Legge’s piece is a moving account of how children with autistic spectrum disorders struggle to cope with bureaucratic systems such as public education, and how poorly resourced these services are.
Morton’s piece makes the key point, albeit deep down in paragraph 13, that the aforementioned “explosion” of autism is due to:
… a litany of factors including changing rules for how diagnoses work, the influence of tied funding to medical labels and, at the lower end of the spectrum, the pathologisation of quirkiness.
All true, and crucial to an understanding of how autism emerged into public awareness.
In addition, though – and journalists too rarely concede this – the rise of autistic spectrum disorder is a cultural phenomenon, linked to how the news media interact with and reinforce trends in other branches of the culture.
A condition that used to be invisible became visible for the first time in popular culture when Dustin Hoffman played an autistic savant in Rain Man. The concept of autism went mainstream after that, even achieving a certain cultural trendiness.

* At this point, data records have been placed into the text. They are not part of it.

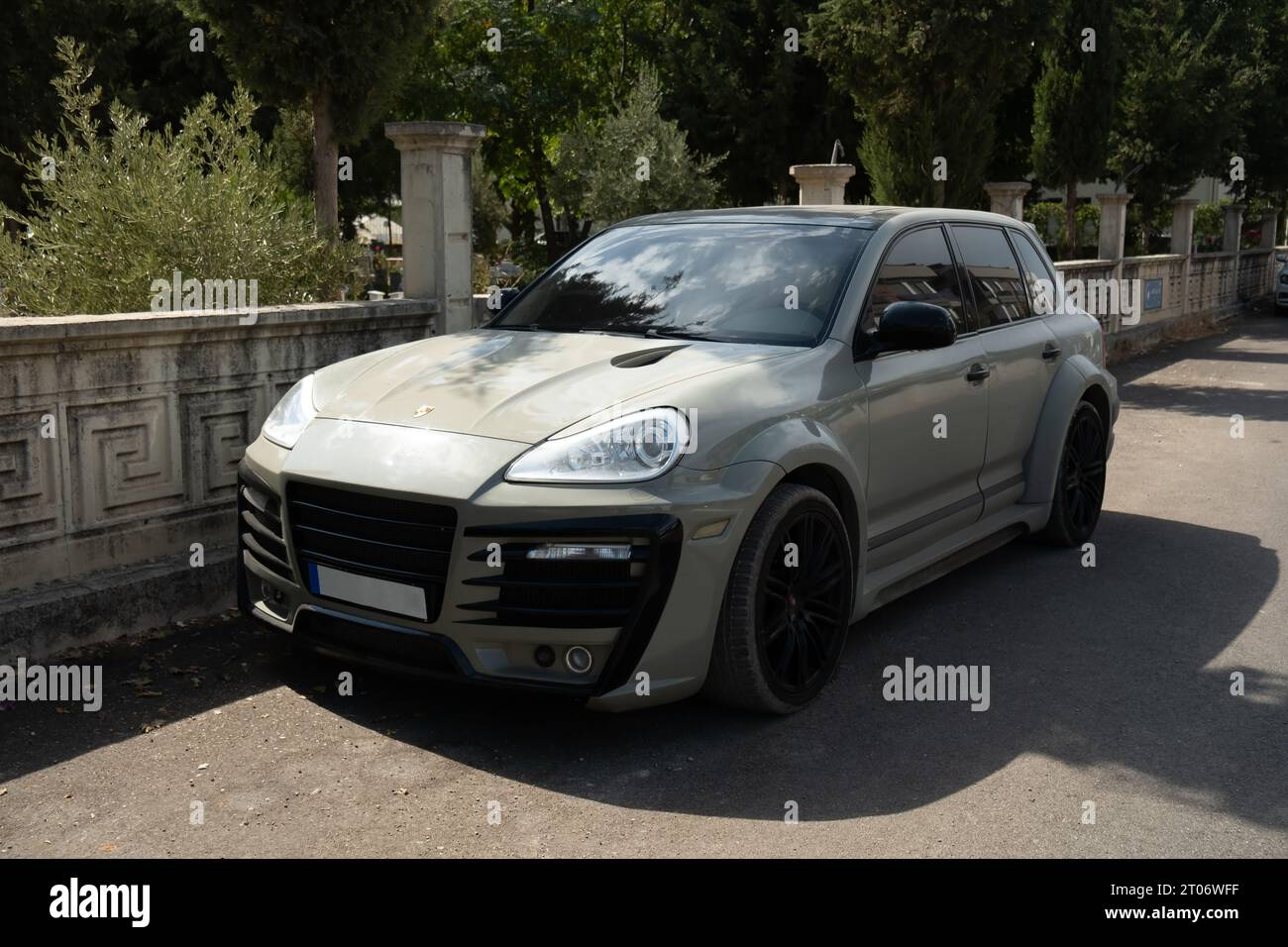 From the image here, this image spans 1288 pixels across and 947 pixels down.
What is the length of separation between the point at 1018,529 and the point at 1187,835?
3.04 m

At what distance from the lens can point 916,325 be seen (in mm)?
5090

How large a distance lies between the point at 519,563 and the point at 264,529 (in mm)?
1179

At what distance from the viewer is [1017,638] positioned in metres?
5.70

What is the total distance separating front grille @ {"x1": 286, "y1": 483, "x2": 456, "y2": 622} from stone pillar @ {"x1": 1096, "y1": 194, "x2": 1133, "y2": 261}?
755 inches

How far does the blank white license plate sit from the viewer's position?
4277 mm

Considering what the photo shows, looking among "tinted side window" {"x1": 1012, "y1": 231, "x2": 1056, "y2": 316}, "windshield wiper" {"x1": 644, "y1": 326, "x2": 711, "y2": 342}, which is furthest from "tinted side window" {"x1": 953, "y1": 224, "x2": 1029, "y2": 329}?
"windshield wiper" {"x1": 644, "y1": 326, "x2": 711, "y2": 342}

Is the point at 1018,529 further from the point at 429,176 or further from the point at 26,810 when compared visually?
the point at 26,810

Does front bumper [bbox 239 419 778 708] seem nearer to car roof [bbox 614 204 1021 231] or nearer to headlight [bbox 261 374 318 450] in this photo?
headlight [bbox 261 374 318 450]

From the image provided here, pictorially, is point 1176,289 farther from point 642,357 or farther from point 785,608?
point 785,608

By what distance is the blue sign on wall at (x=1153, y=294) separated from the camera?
2180cm

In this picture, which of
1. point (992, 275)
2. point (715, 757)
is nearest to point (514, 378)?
point (715, 757)

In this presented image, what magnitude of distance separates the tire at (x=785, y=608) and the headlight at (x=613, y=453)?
0.42 meters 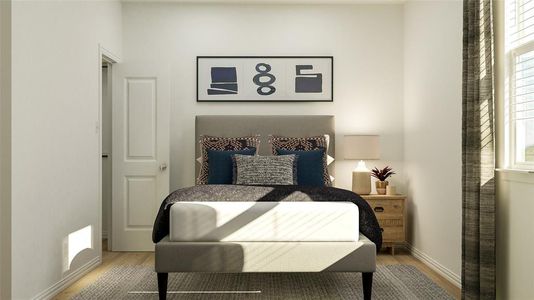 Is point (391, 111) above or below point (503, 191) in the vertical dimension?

Documentaries were made about parenting autistic children, and about the “real” Rain Main – not the Hollywoodised version portrayed by Hoffman. Coverage of the condition in the news media exploded (if I may be naughty and appropriate The Australian’s language for a moment).
Ever since, doctors, parents, educators and others working with children (and the many adults who had hitherto been viewed as “a bit different” or “eccentric”) applied the label of autism – Asperger’s Syndrome being the most familiar and commonly diagnosed of the disorders on the spectrum – because it was available.
In short, autism has not “exploded”. It merely looks that way to the untrained observer of our news media.
The condition is real, and giving it a name brought relief to millions of families the world over, hitherto left to cope on their own. But there were, and are, misdiagnoses too, when worried parents or teachers choose to see what would once have been called “bad” or “difficult” behaviour as a medical condition, thereby making it easier to bear and, they hope, treat.
As a consequence of these complicated cultural trends, prevalence rose around the world, with remarkable consistency, to about 1% today. In Australia in 2003 there were 34,000 diagnoses of autistic spectrum disorder. In 2015 the figure was 230,000, according to the Australian Bureau of Statistics.
One wouldn’t expect the news media to ignore such a trend. But neither should they ignore their role in making a welcome advance in scientific knowledge about the communicative disorder we call autism into a “crisis”, and inflaming public anxieties.
Interestingly, the January 15 version of the piece, accessed on my iPad app, has a new headline in the web edition of January 16 – “Schools fail to cope with explosion in autism diagnoses”. This may be an attempt to turn the panic button down a little, since the “explosion” is now conceded to be in diagnoses rather than autism itself. If so, that’s a wise editorial judgement. Even if the e-word is still in there, it hits the eye with somewhat less violence than “Autism explosion”.
And the broader theme of the article is hugely important. Schools and other public services have a terrible record of supporting people with autism, and if The Australian’s coverage serves to make educators and governments deliver greater resources to those on the autistic spectrum, and those who work hard to support and help them achieve the very best that they can in life, that would be campaigning journalism at its most effective and worthwhile.
But in future, can we leave out the explosive media rhetoric and just get on with the journalism?